▶ [Supplied material]:
□ □ □ □ □ □ □

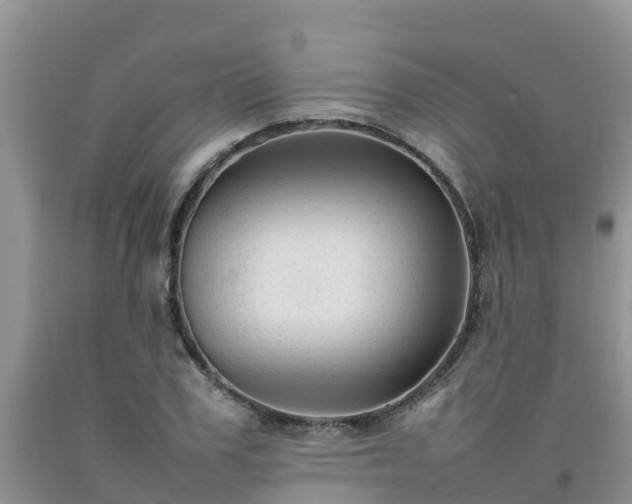 X0000092060979200709191138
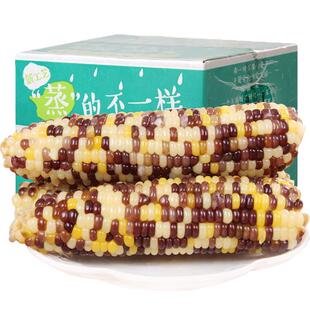 禾久甜粘花糯玉米非东北非转基因彩色玉米黏真空10根粗粮早餐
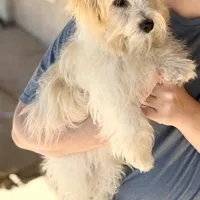 AKC Scott - Ready Now!, a male Havanese for sale in Casa Grande, AZ – Photo 4 of 6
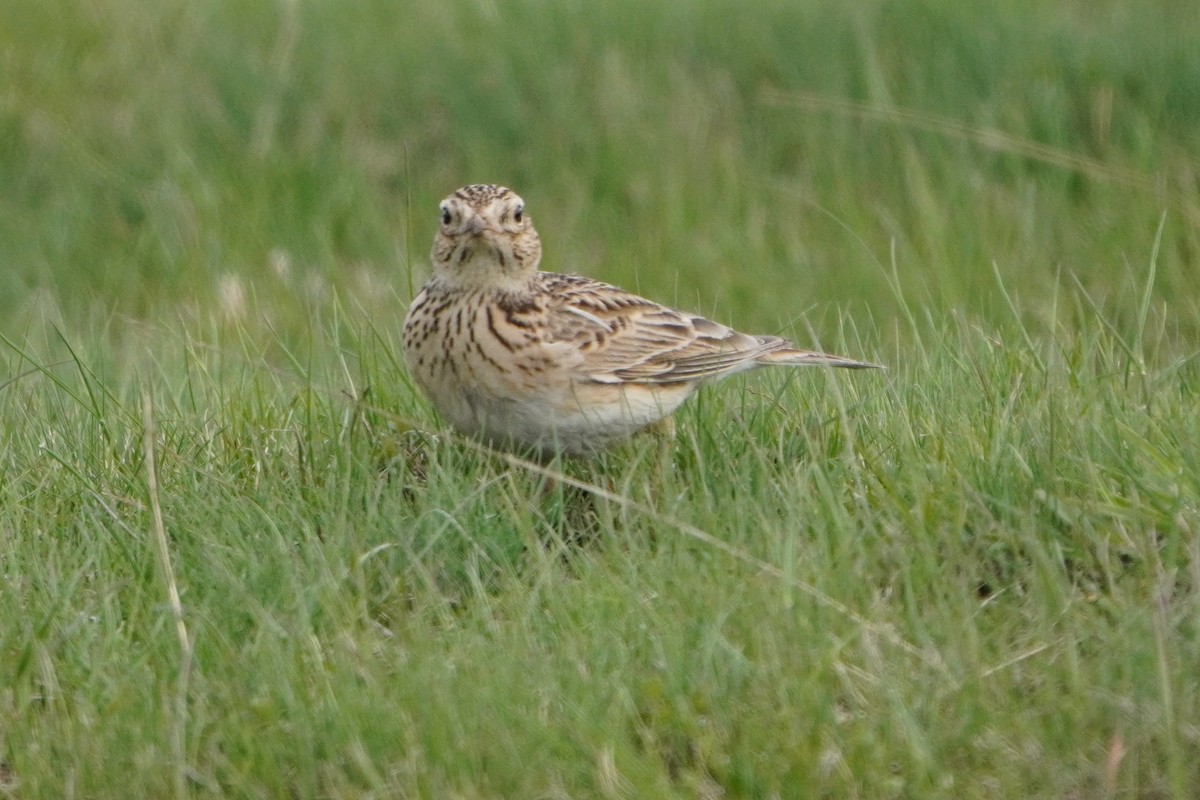Eurasian Skylark - ML647170141
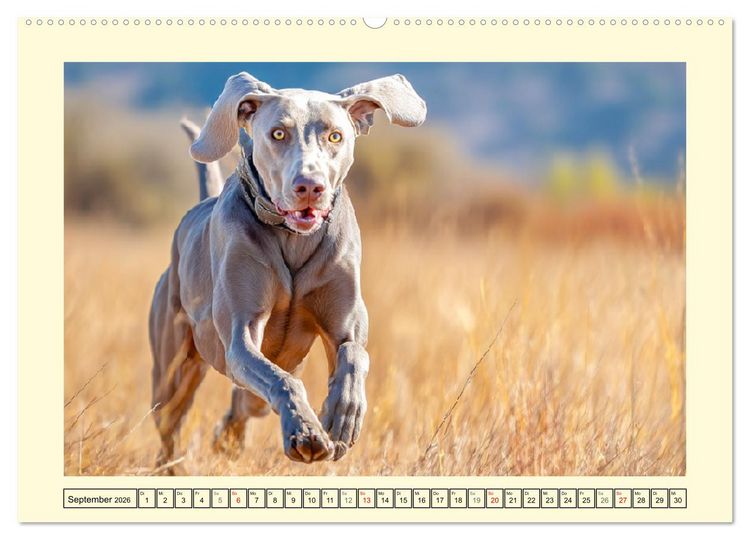 Produktbild: Edle Weimaraner. Loyale Silberseelen im Licht der Natur (Wandkalender 2026 DIN A2 quer), CALVENDO Monatskalender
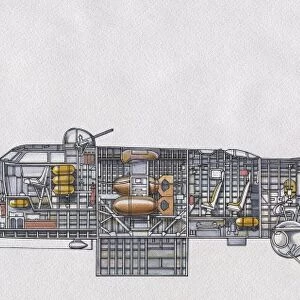 Interior sectioned view of B-17G Flying Fortress Bomber, c. 1943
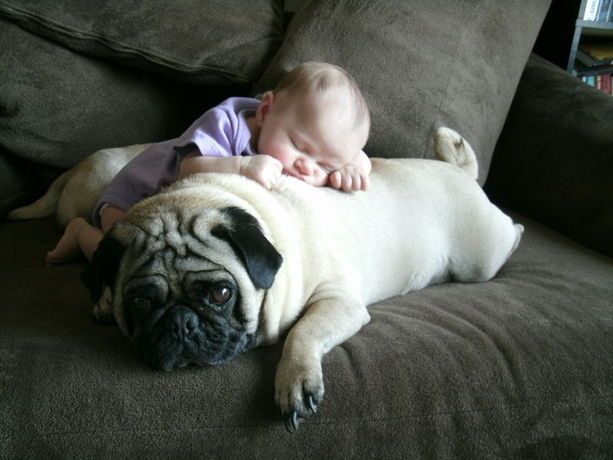 babies and puppies, the perfect awe picture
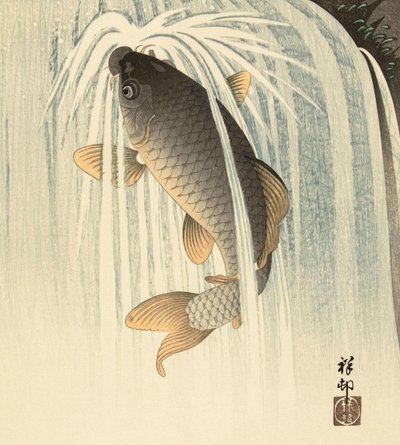 Carpes sous une cascade, par l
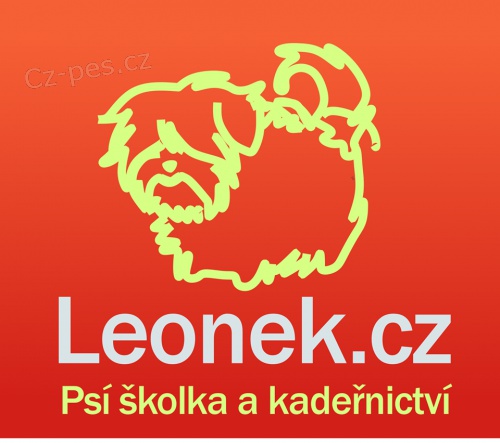 Ps� �kolka a kade�nictv� Leonek, Brno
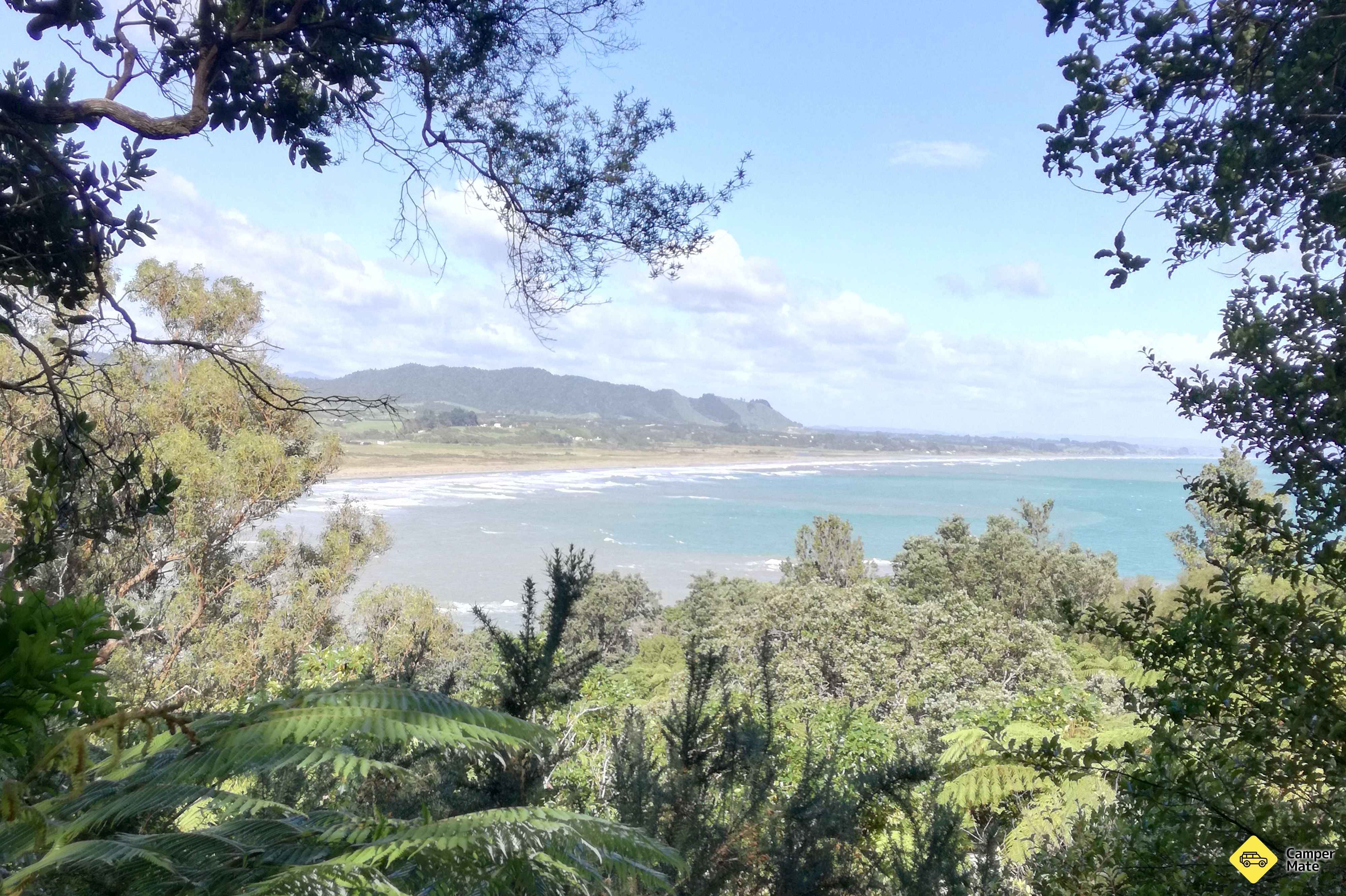 Tauturangi Walkway - Image 2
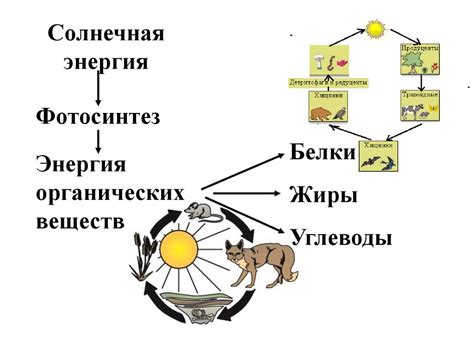 Материально-энергетический обмен в природе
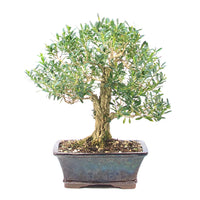 Chinesischer Buchsbaum 'Buxus harlandii'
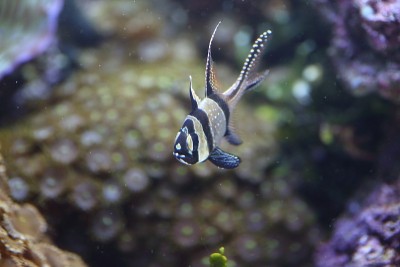 日本的红雀(Pterapogon kauderni)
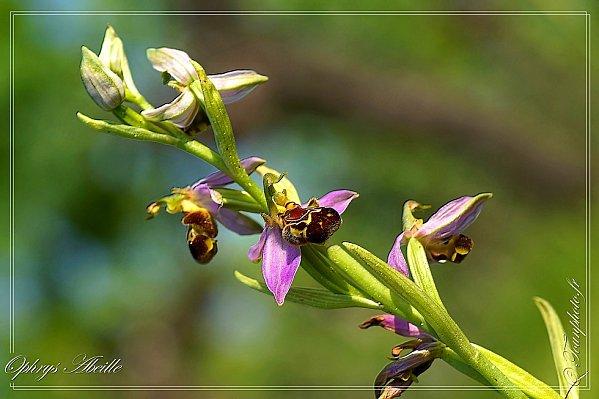 Ophrys-Abeille-01.jpg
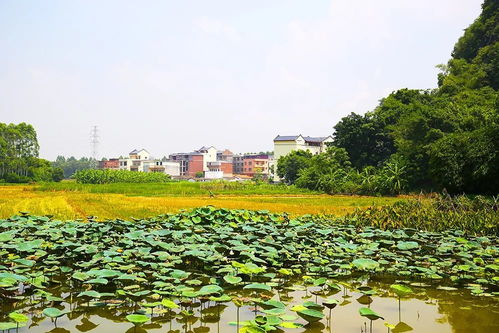 貴港好玩的精品文旅項目全在這 跟著文化旅游產(chǎn)業(yè)發(fā)展大會觀摩線路去打卡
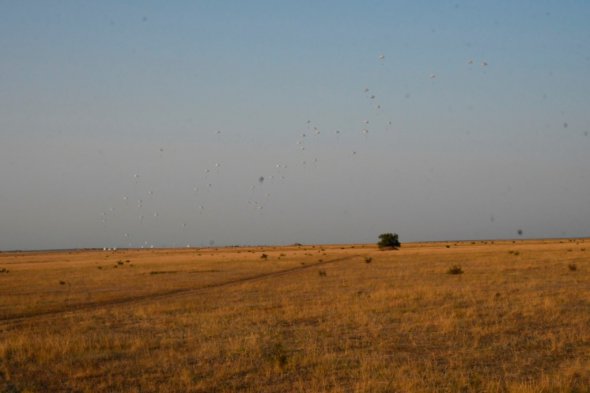 В Україні десантувалися більше 450 британських військовослужбовців. Фото: facebook.com/www.dshv.mil.gov.ua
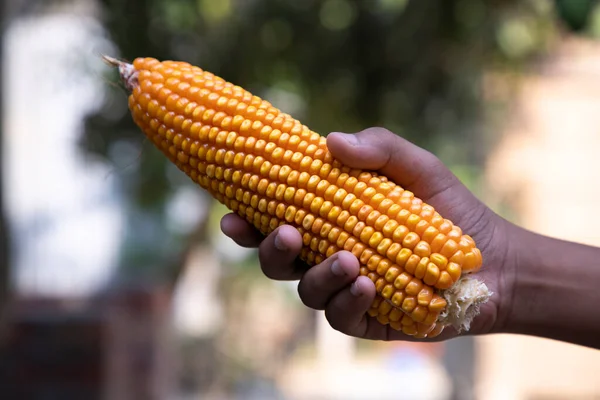 stock image agriculture harvest corn Hand holding  with the blurry background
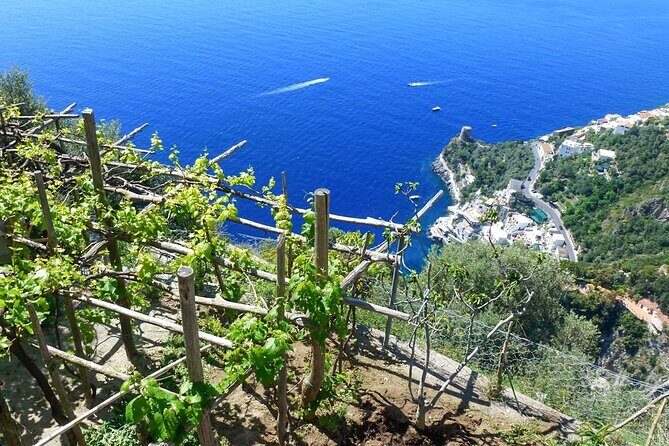 Cooking Class with garden visit - Who should book this cooking class in Praiano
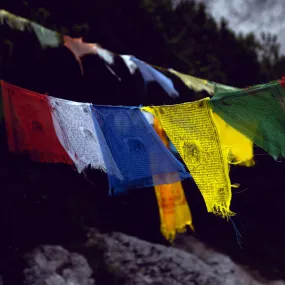 Large Traditional Tibetan Windhorse Block Printed Prayer Flag - 1 set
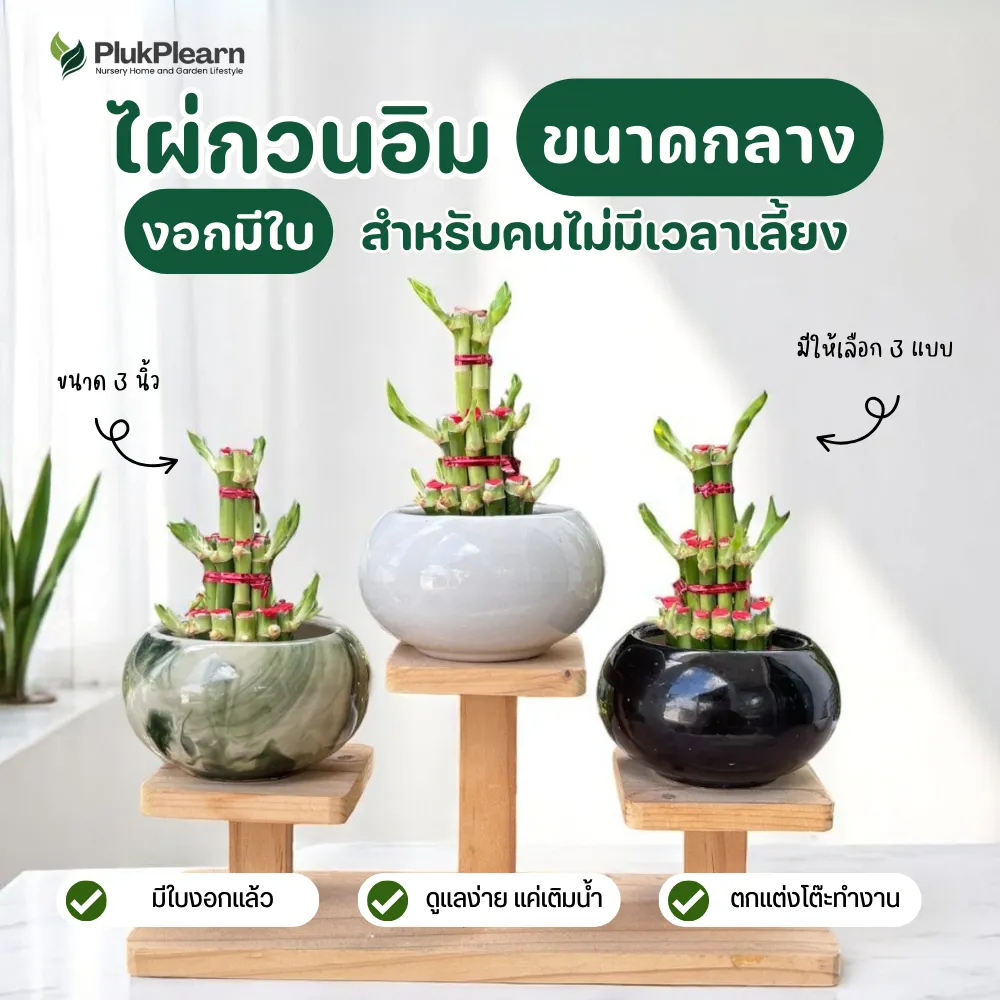 ไผ่กวนอิม รุ่นมีใบ 3 ชั้น กระถางขนาดกลาง ตั้งบนโต๊ะทำงาน ตั้งบูชา เสริมสิริมงคล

□ □ □ □ □ □ □

▶ [Your instructions]: Everything from the line with "Carpes sous une cascade, par l" through the last line above should be reproduced exactly, both ends included; pictures must be omitted.

▶ [Task result]:
 Carpes sous une cascade, par l
 Ps� �kolka a kade�nictv� Leonek, Brno
 Tauturangi Walkway - Image 2
 Материально-энергетический обмен в природе
 Chinesischer Buchsbaum 'Buxus harlandii'
 日本的红雀(Pterapogon kauderni)
 Ophrys-Abeille-01.jpg
 貴港好玩的精品文旅項目全在這 跟著文化旅游產(chǎn)業(yè)發(fā)展大會觀摩線路去打卡
 В Україні десантувалися більше 450 британських військовослужбовців. Фото: facebook.com/www.dshv.mil.gov.ua
 stock image agriculture harvest corn Hand holding  with the blurry background
 Cooking Class with garden visit - Who should book this cooking class in Praiano
 Large Traditional Tibetan Windhorse Block Printed Prayer Flag - 1 set
 ไผ่กวนอิม รุ่นมีใบ 3 ชั้น กระถางขนาดกลาง ตั้งบนโต๊ะทำงาน ตั้งบูชา เสริมสิริมงคล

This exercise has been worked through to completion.